Salamander nie chce już Chełmka
NIE, TO NIE: Nie zależało nam na pieniądzach Salamandra, liczyliśmy na technologię i nowe maszyny — podkreśla Franciszek Matyja, prezes Chełmka. fot. Andrzej Wawok
Niemiecki potentat obuwniczy Salamander zrezygnował z planów przejęcia fabryki Chełmka.
— Poprosiłem przedstawicieli Salamandra, aby przestali nas zwodzić i zdeklarowali się, czy chcą nas kupić, czy nie. Wybrali drugą odpowiedź — mówi Franciszek Matyja, prezes PZPS Chełmek.
Polska spółka oczekiwała, że niemiecka firma Salamander zainwestuje w Chełmek 21 mln zł. W zamian Chełmek musiałby wydzielić spółkę zatrudniającą 200-300 osób i produkującą 2000 par butów dziennie.
— Podzielimy zakład na trzy oddziały. Jeden będzie się zajmował produkcją krajową, drugi przerobem, a trzeci wytwarzaniem na eksport — informuje Franciszek Matyja.
Chełmek produkuje 3-4 tys. par butów dziennie. Jedynie 20 proc. wyrobów firmy pozostaje w kraju. Spółka chce, by w przyszłości połowa produkcji trafiała do Polski.
Wartość importu butów do Polski w ubiegłym roku sięgnęła 34,7 mln zł, a eksportu — 32 mln zł.
80 proc. produkcji Chełmka to przerób uszlachetniający. Spółka szyje obuwie dla angielskiej firmy Shellys i holenderskiego Vimpexu.
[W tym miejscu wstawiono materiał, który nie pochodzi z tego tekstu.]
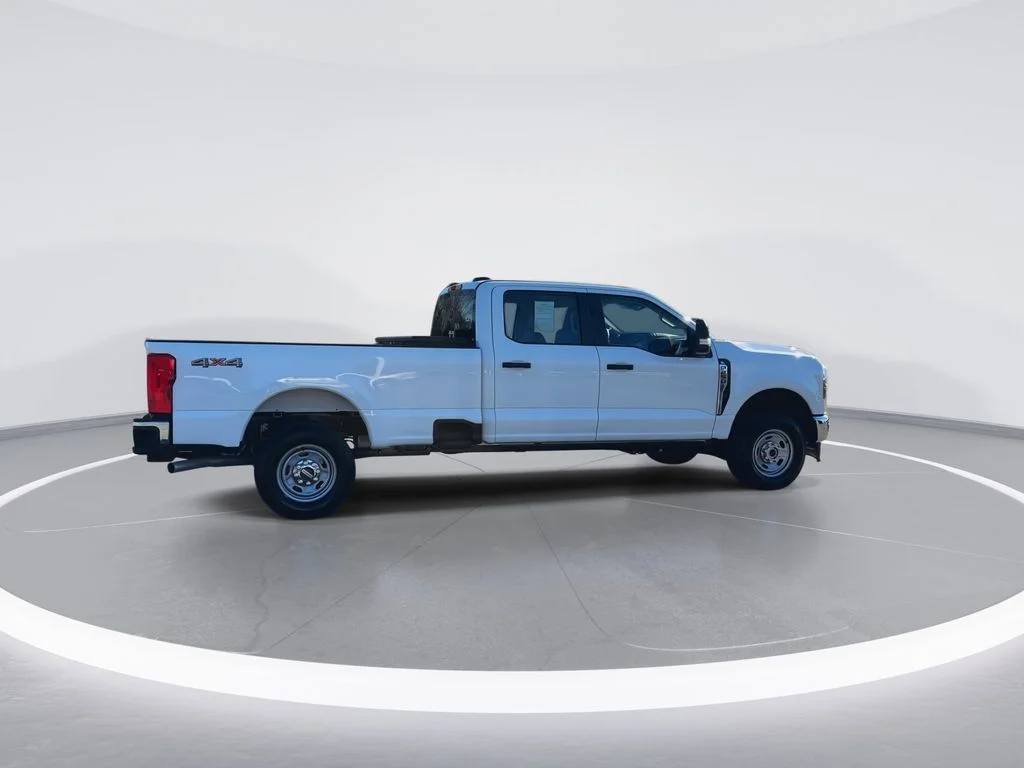 Used 2024 White Ford XL image 5
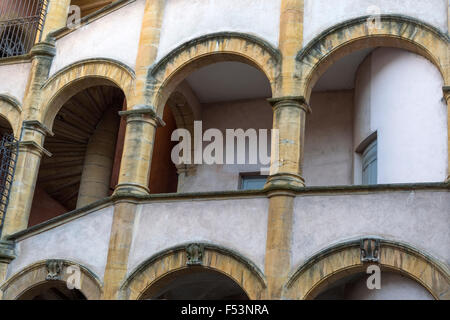 Traboule Hôtel Paterin, quartier Saint Jean, le Vieux Lyon, Lyon, Rhône, France, Site du patrimoine mondial de l'UNESCO Banque D'Images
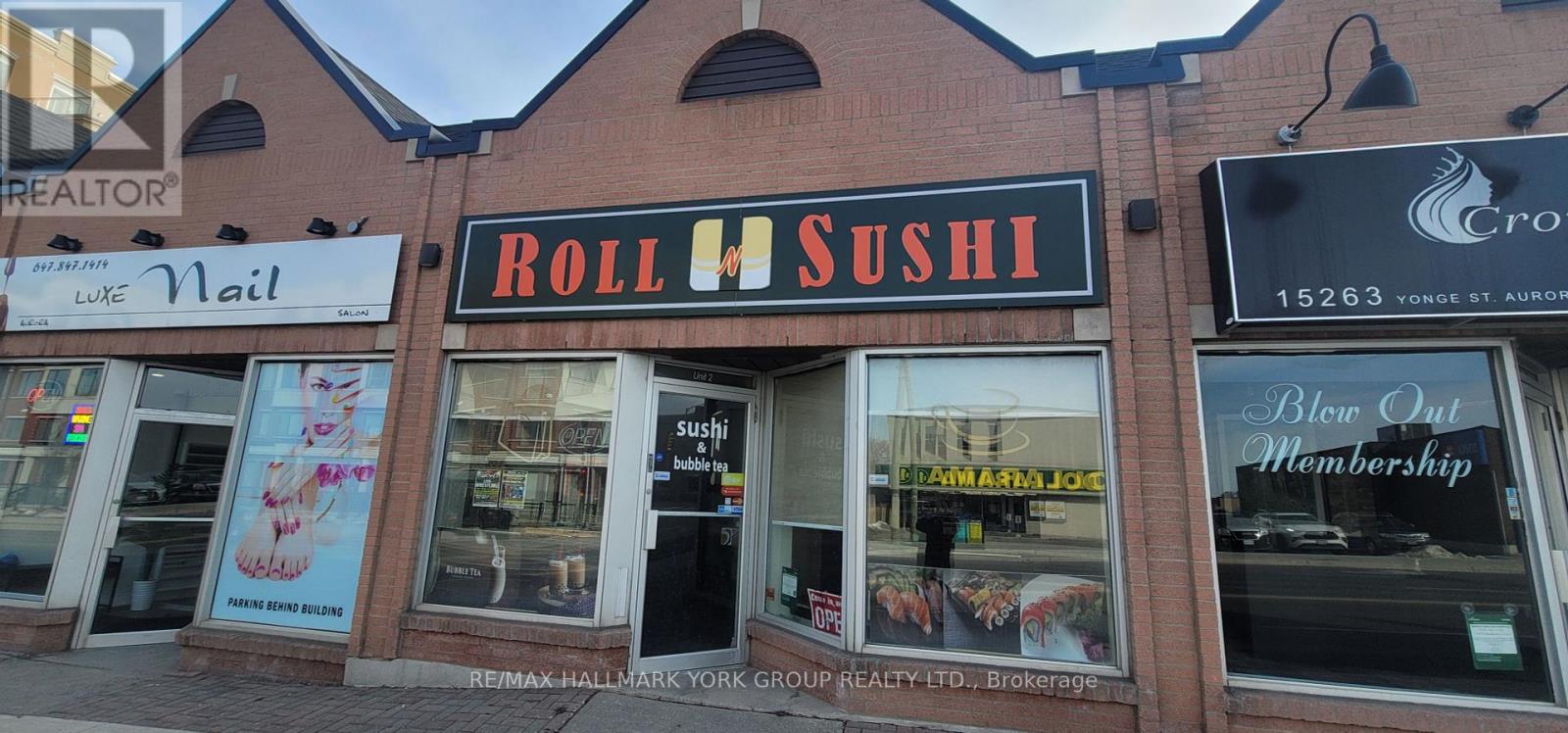 2 - 15263 YONGE STREET Property Photo 1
— Prowadzimy też rozmowy z odbiorcami niemieckimi i kanadyjskimi. Chcemy, aby w zamian za przerób zainwestowali u nas kilka mln zł, albo dali nam maszyny, np. w leasing — dodaje prezes Matyja.
Firma pilnie potrzebuje 0,5 mln zł na restrukturyzację zatrudnienia. Chełmek zatrudnia 700 osób, prawdopodobnie jeszcze w tym roku zwolni 200 pracowników.